- _Brief_: Leave out all pictures and retype exactly the lines from the one with "Anh Ấy Chưa Từng Rơi Xuống 19 trang 23" through the last line of the material.

- _Recorded information_:
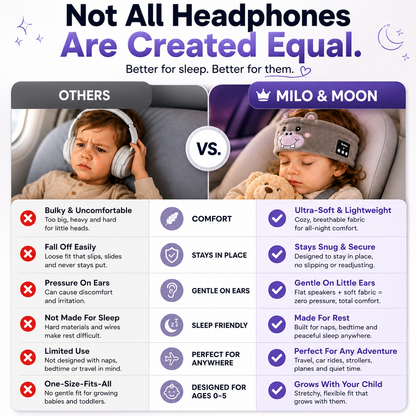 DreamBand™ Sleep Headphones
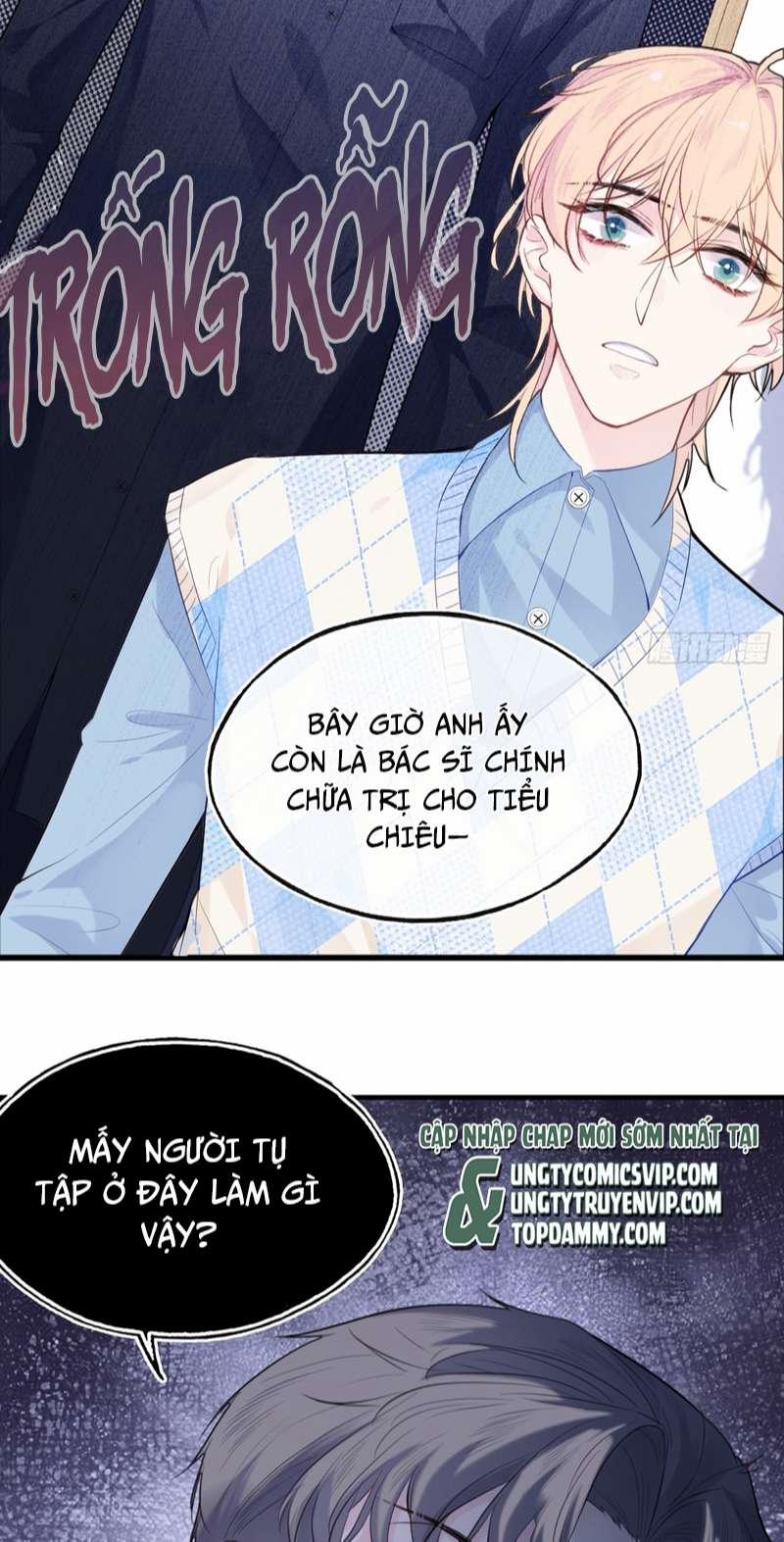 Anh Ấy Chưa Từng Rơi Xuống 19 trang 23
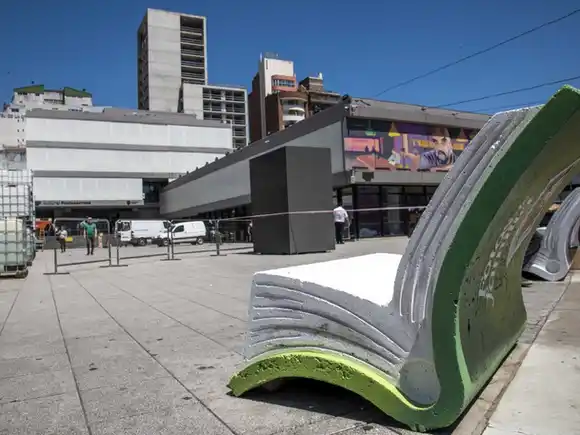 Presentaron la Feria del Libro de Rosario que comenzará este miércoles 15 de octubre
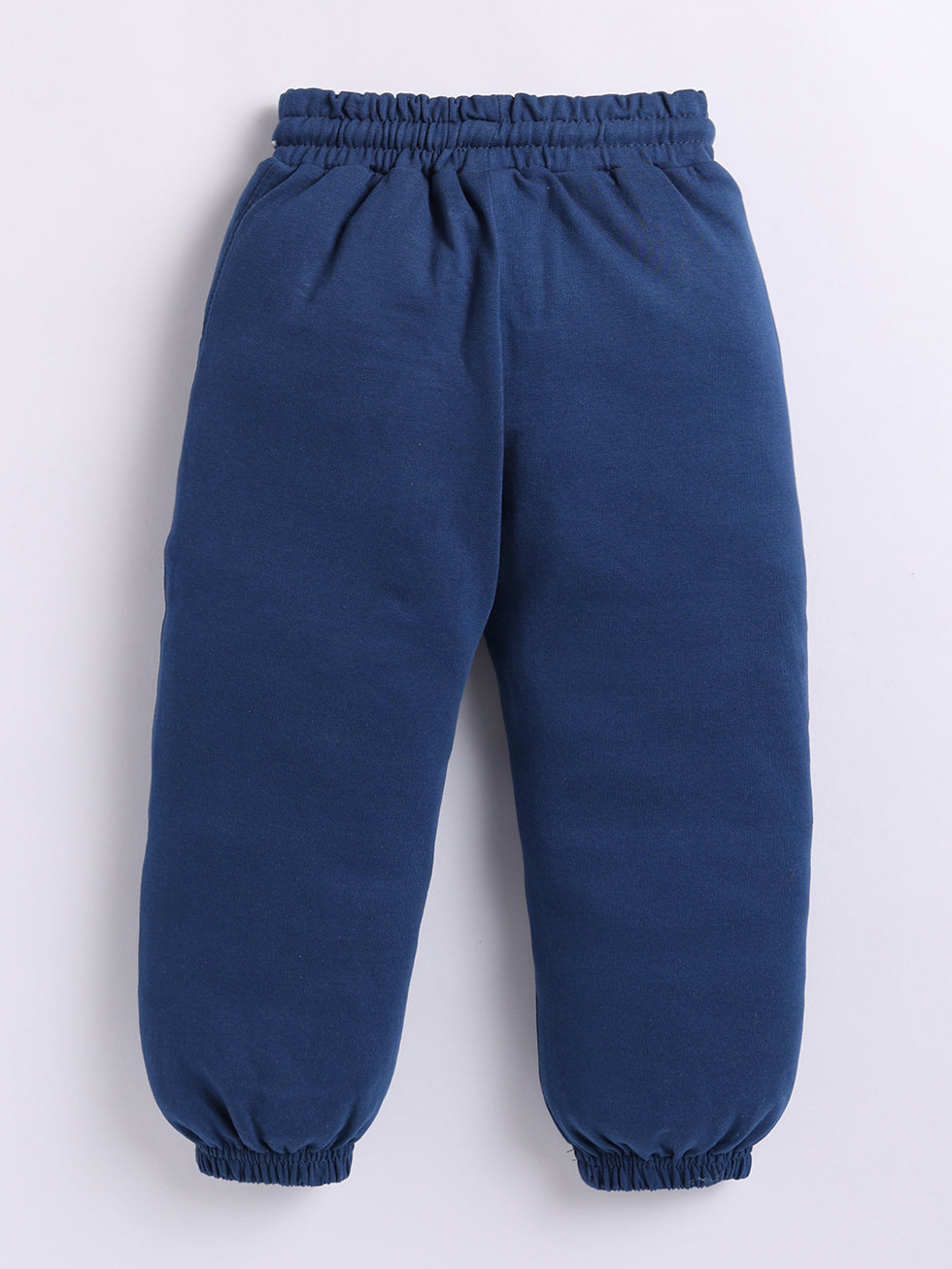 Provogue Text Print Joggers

- _Result of the exercise_:
 Anh Ấy Chưa Từng Rơi Xuống 19 trang 23
 Presentaron la Feria del Libro de Rosario que comenzará este miércoles 15 de octubre
 Provogue Text Print Joggers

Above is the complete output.